For example, expression of the LQTS variant R534C, in X. laevis oocytes, surprisingly leads to a shift in the activation curve to negative value, predicting thus a shortening in the action potential by a computer model (Nakajima, 1999). In contrast, in mammalian CHO cells, kept at 37°C, R534C is associated with a major decrease in maximal current amplitude that is due to reduced trafficking (Oliveira-Mendes et al., 2021). To reconcile these data, it was shown in HEK293 cells that this reduced trafficking is rescued by incubating the cells at 27°C during the expression time course (Anderson et al., 2006). Since X. laevis oocytes are maintained at 12°C–18°C after cRNA injection, it is likely that this temperature favors membrane trafficking of the variant and hence masked the trafficking defect in the aforementioned study (Nakajima, 1999). Thus, the X. laevis oocyte model, which was used in 16% of the electrophysiology studies (cf. Figure 6 below) is clearly not the most relevant model to study the pathogenicity of hERG variants and should be avoided in the future.

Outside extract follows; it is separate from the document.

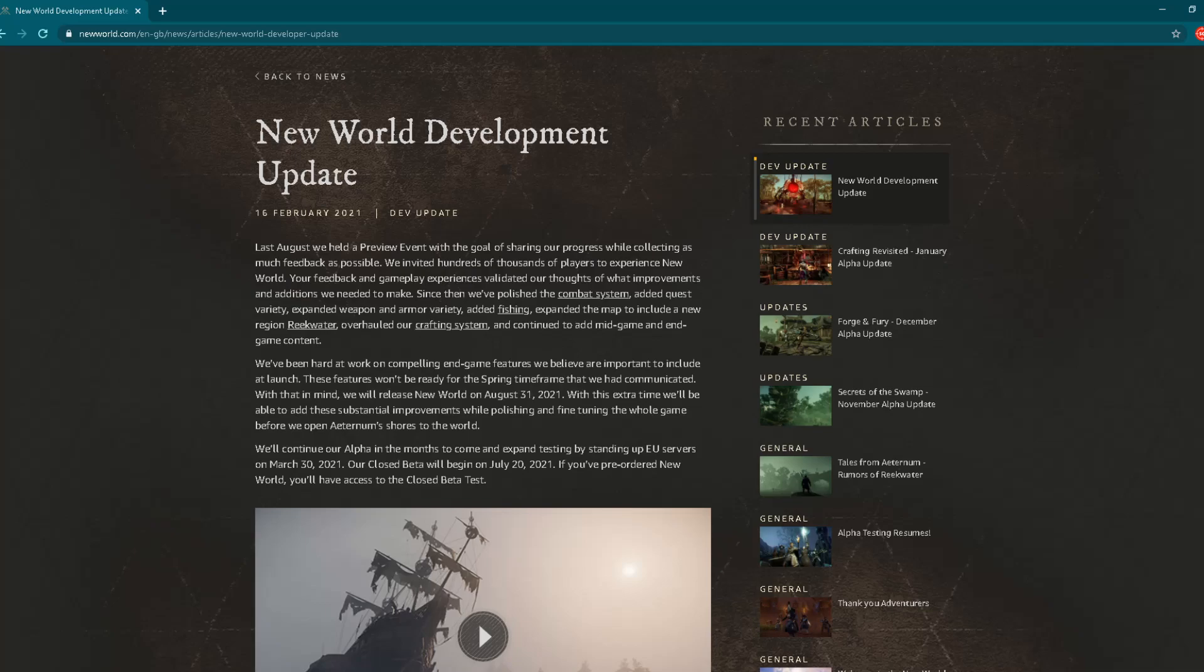They've changed the game a lot since then. They've changed many in-game features and added many new things as you'll see later in this post. But during that time I had lots of fun. We invited hundreds of thousands of players to experience New World. Your feedback and gameplay experiences validated our thoughts of what improvements and additions we need to make. Since then, we've polished the combat system, added quest variety, expanded weapon and armor variety, added fishing, expanded the map to include the new region Reekwater, overhauled our crafting system, and continued to add mid-game and end-game content.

Regarding the electrophysiological characterization of the variants, they are most frequently done at room temperature (Figure 5). For Xenopus oocytes, 37°C is largely above the physiological temperature and hardly tolerable by this cell type (Bienz and Gurdon, 1982). For mammalian cells, room temperature is paradoxically preferred for a technical reason: the success of the experiments (e.g., seal stability) is much higher at room temperature than at 37°C, as illustrated in a study using automated patch-clamp (Ranjan et al., 2019), which shows a success rate of 15% as compared to 80% at room temperature. However, hERG channel biophysical properties, and in particular kinetics such as activation and inactivation kinetics are highly temperature-dependent (Vandenberg et al., 2006). To properly report the biophysical properties of a given hERG variant, it would be wise to study it at 37°C. Alternatively, it would be interesting to keep studying the variant at room temperature and develop a method that would allow extrapolating the evolution of the channel properties with rising temperatures from room temperature to physiological temperature.

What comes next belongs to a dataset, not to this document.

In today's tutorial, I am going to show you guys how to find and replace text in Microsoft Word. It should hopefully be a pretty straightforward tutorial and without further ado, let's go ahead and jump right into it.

FIGURE 5. Pie chart presenting the percentage of hERG missense variants (among all the published missense variants), studied at room temperature, at physiological temperature, at both temperatures, or particular temperatures (32°C or 34°C). This chart includes all missense variants studied in patch-clamp experiment performed in mammalian cells (from analysis of Supplemental Table S1).
Use of various cell models
Another source of variability is the cell model of study. Three categories of models are used for hERG variants phenotyping (Figure 6):
(i) A non-mammalian model, X. laevis oocytes which generate large currents, in the µA range, but have to be maintained at non-physiological temperature which may rescue some mutant impaired trafficking, as developed above. The validity of this model has already been discussed.

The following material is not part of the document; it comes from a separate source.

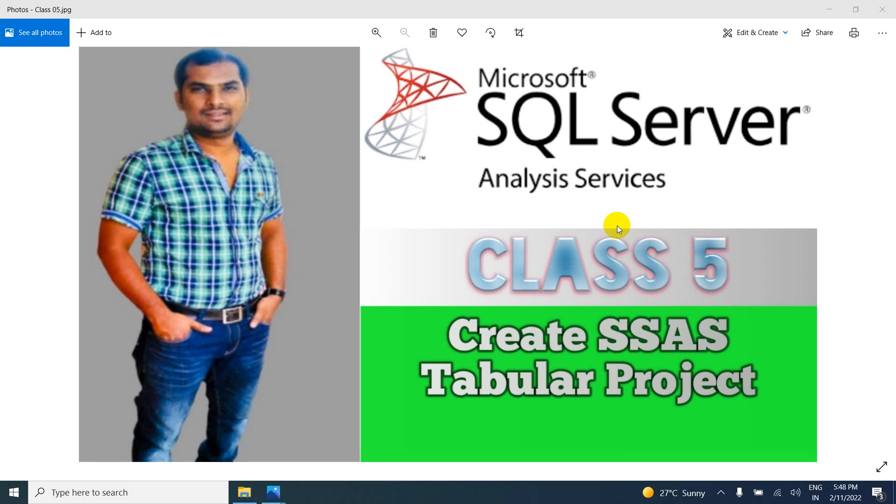Hi friends, in this session I am going to explain about how to create SSAS tabular project in SSAS tool. So if you are watching first time a video, please subscribe and like my channel and also share with your friends.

(ii) Mammalian cell lines that are easy to maintain and animal-free (van der Velden et al., 2022). Two cell lines are mainly used (CHO, HEK-293). They are cultured at physiological temperature, which represents a clear advantage over X. laevis oocytes. The presence of endogenous currents, in these models, but also in X. laevis oocytes, may interfere with measurements when studying mutants which generate currents of low amplitudes. To that respect CHO cells are a good model since they expressed minimal voltage-gated currents, when compared to other cells such as HEK-293 cells (Yu and Kerchner, 1998). On the down side, CHO cells proliferate twice faster as HEK-293 cells, potentially leading to much lower currents 48 h after transfection because transfected DNA would be split between more cells (Abaandou et al., 2021). This has to be considered, especially in automated patch-clamp experiments in which one cannot select efficiently transfected cells with a GFP-like reporter gene, as it is routinely done in conventional patch-clamp. Without reporter gene and with high rates of division such as in CHO cells, amplitude may then be too low in many cells for precise characterization of the biophysical parameters.
(iii) Induced pluripotent stem cells developed by Shinya Yamanaka (Takahashi and Yamanaka, 2006) allow the generation of human cardiomyocytes, iPS-CMs (Jouni et al., 2015) that constitute a very relevant model since their genotype is much closer to the patient’s than transfected cells such as CHO or HEK-293 cells. These latter cell lines may be especially limited if the mutant phenotype depends on the presence of a specific auxiliary protein that is not expressed in the cell line, but would be present in native cardiomyocyte. For instance, a study on iPS-derived cardiomyocytes suggests the physiological relevance of the splice variant hERG 1b, which is shorter than the original isolate hERG 1a. hERG 1b, that lacks the N-terminal PAS domain, efficiently associates with hERG 1a, and modifies the generated IKr current (Jones et al., 2014). It remains possible that hERG 1b modifies to some extent the functional effect of at least some variants. For instance, in iPSC-derived cardiomyocytes, the H70R variant of the PAS domain leads to an approximately 50% decrease in current amplitude and an acceleration in deactivation (Feng et al., 2021). At the molecular level, the mutation induces a decrease in hERG 1a membrane trafficking but logically, there is a normal trafficking of hERG 1b lacking the PAS domain and thus the H70R mutation. Such an imbalance between hERG 1b (normal) and hERG 1a (decreased) may theoretically have an impact on the current characteristics.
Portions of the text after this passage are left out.